Records for the exercise: Begin

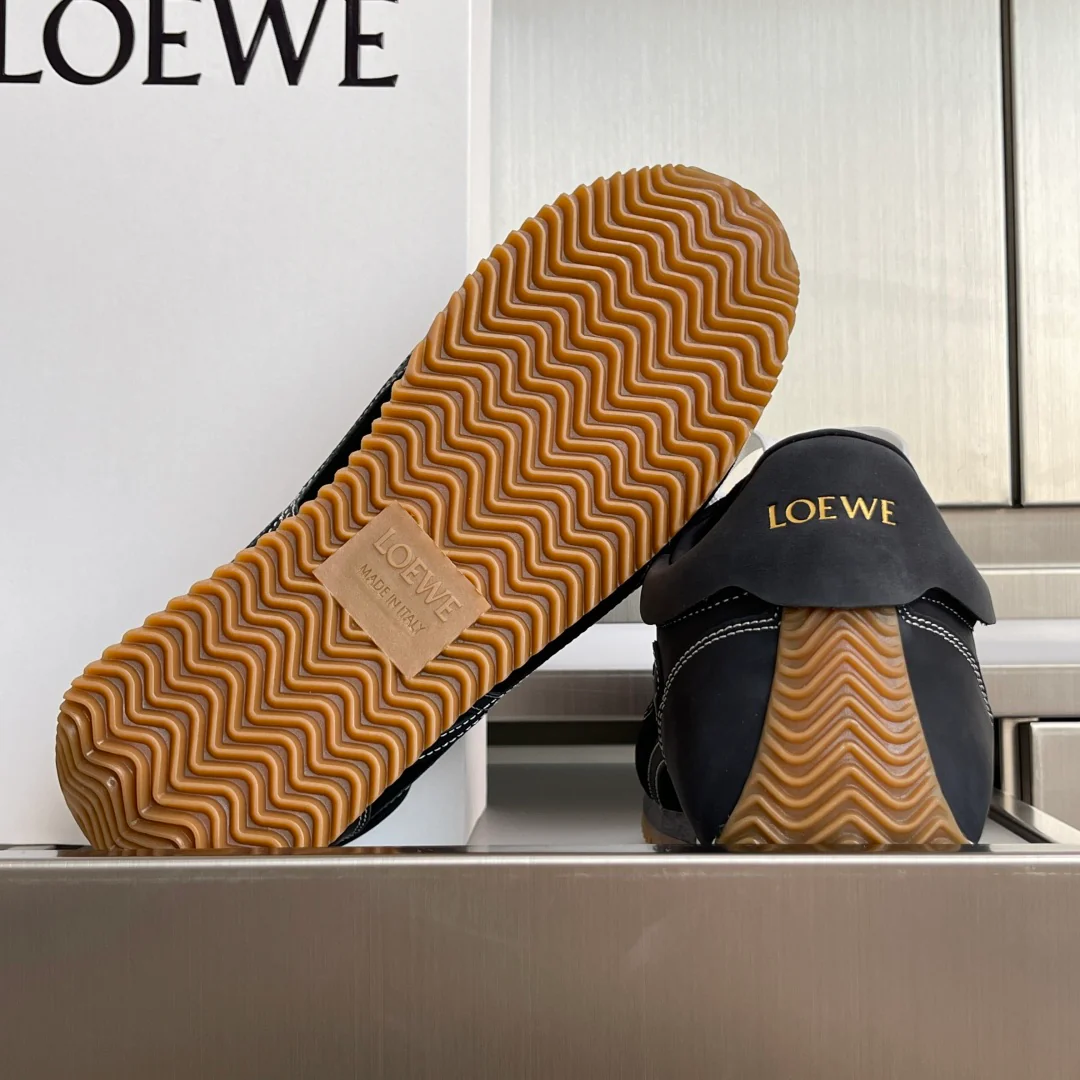 Loe retro sneakers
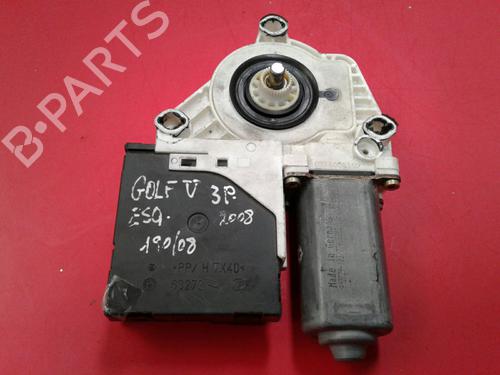 Left front window motor VW GOLF V (1K1)  | BP3987473E21 
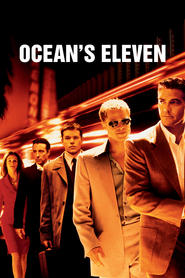 Poster for Ocean's Eleven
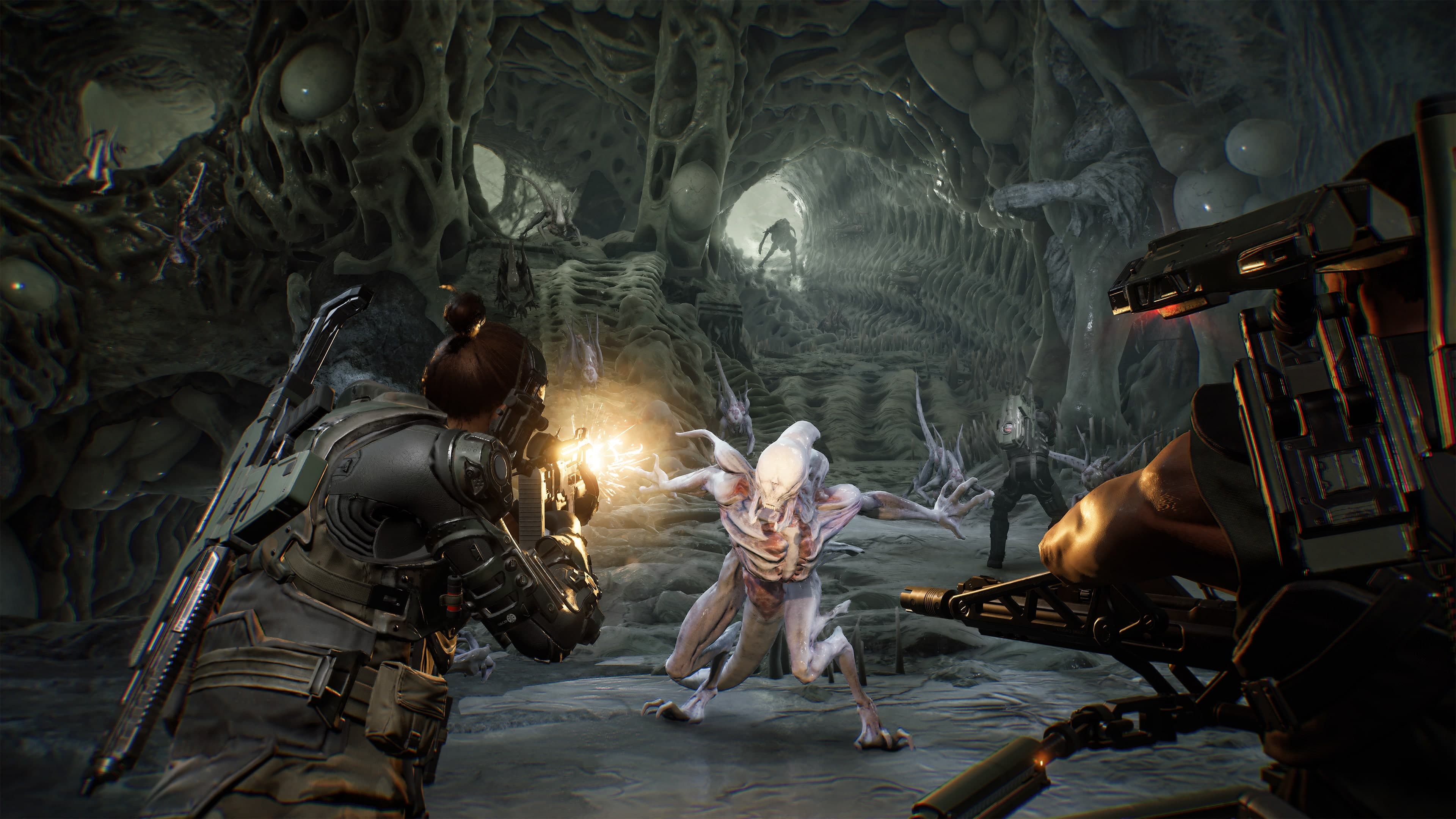 Aliens: Fireteam Elite - Ultimate Edition Upgrade: скриншот 4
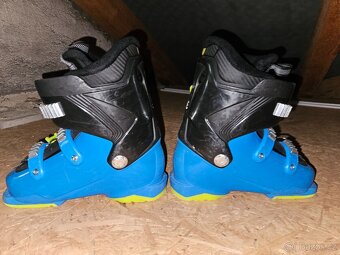 Dětské lyžáky Tecnica Cochise JTR vel. 22 cm - 3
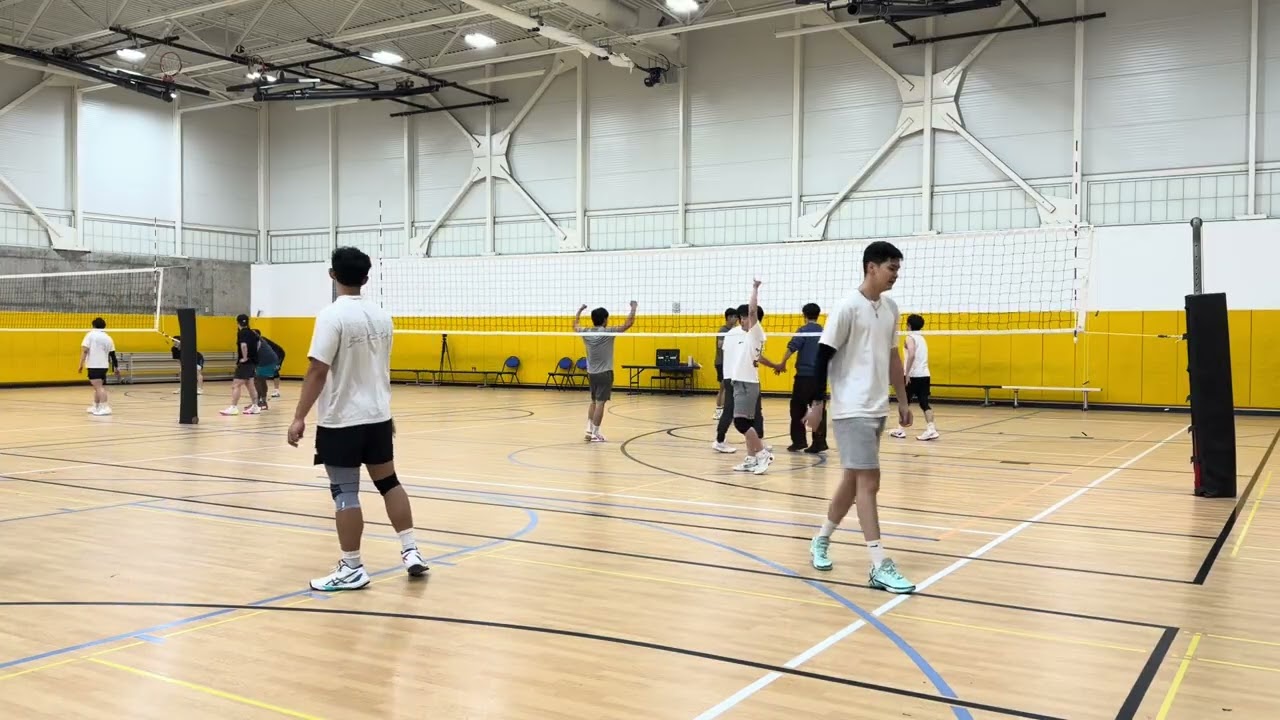 Mercer Island League Game 1 (2/11/26)
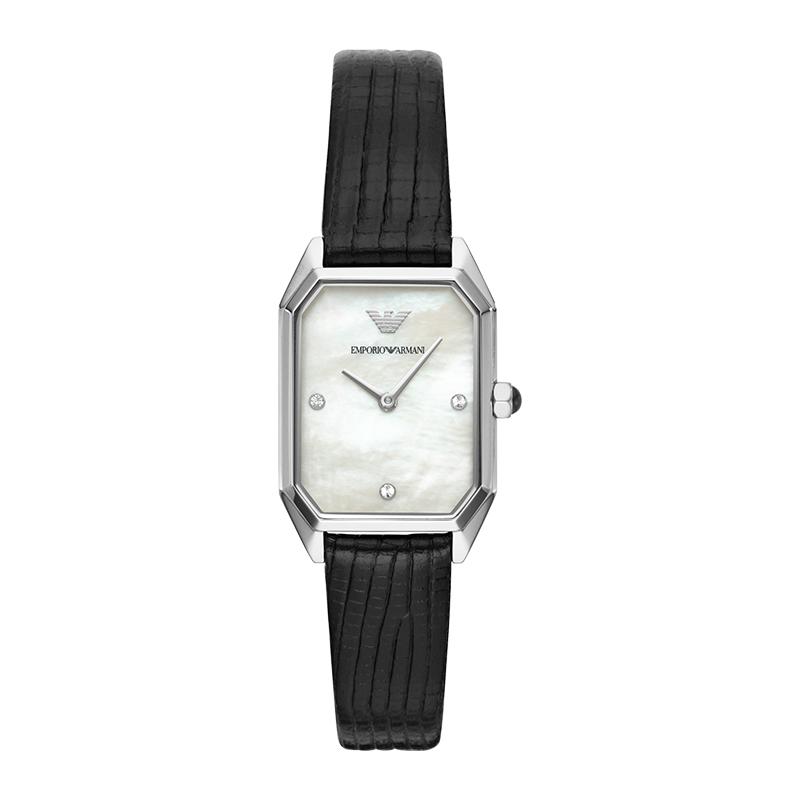 Armani simple luxury watch for women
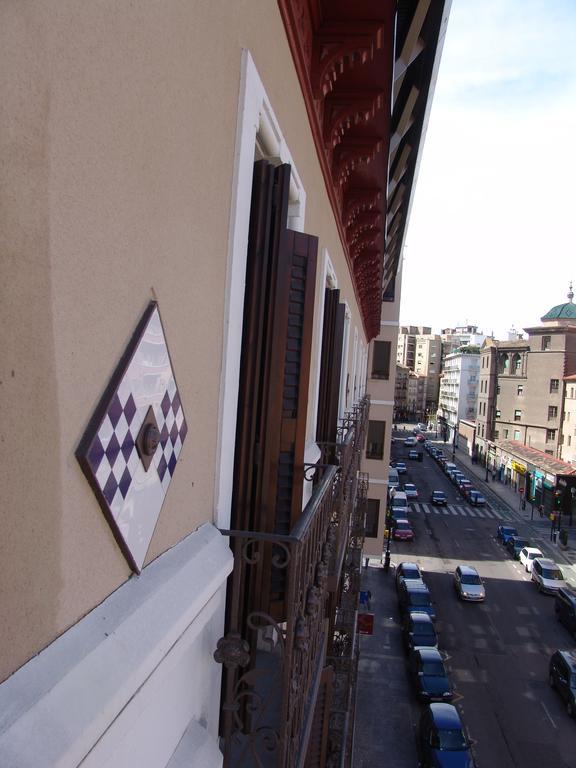 Apartamentos Zaragoza Coso Exterior foto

Records for the exercise: End

**Your objective**
Return the data exactly as it stands, minus the pictures.

**Completed task**
 Loe retro sneakers
 Left front window motor VW GOLF V (1K1)  | BP3987473E21 
 Poster for Ocean's Eleven
 Aliens: Fireteam Elite - Ultimate Edition Upgrade: скриншот 4
 Dětské lyžáky Tecnica Cochise JTR vel. 22 cm - 3
 Mercer Island League Game 1 (2/11/26)
 Armani simple luxury watch for women
 Apartamentos Zaragoza Coso Exterior foto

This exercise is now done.